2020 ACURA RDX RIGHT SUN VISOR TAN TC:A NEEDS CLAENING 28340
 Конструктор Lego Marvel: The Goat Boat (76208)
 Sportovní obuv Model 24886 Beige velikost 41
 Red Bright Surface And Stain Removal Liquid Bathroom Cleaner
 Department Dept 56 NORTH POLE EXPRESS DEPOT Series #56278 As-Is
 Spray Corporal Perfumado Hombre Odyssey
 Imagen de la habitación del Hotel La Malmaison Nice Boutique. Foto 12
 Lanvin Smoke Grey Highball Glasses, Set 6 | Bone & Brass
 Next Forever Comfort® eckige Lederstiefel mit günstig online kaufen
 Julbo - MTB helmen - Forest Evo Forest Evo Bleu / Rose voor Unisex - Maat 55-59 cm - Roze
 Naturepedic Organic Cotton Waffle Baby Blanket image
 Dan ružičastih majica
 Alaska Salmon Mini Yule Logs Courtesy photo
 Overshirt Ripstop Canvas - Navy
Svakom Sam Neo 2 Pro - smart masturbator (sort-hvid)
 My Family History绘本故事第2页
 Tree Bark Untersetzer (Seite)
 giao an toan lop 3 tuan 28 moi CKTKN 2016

= = = = = = =

**What you need to do:**
If a line comes after the one containing "Lanvin Smoke Grey", leave it out; set down every line of the data before it, and that line itself, exactly.

**Exercise solution:**
2020 ACURA RDX RIGHT SUN VISOR TAN TC:A NEEDS CLAENING 28340
 Конструктор Lego Marvel: The Goat Boat (76208)
 Sportovní obuv Model 24886 Beige velikost 41
 Red Bright Surface And Stain Removal Liquid Bathroom Cleaner
 Department Dept 56 NORTH POLE EXPRESS DEPOT Series #56278 As-Is
 Spray Corporal Perfumado Hombre Odyssey
 Imagen de la habitación del Hotel La Malmaison Nice Boutique. Foto 12
 Lanvin Smoke Grey Highball Glasses, Set 6 | Bone & Brass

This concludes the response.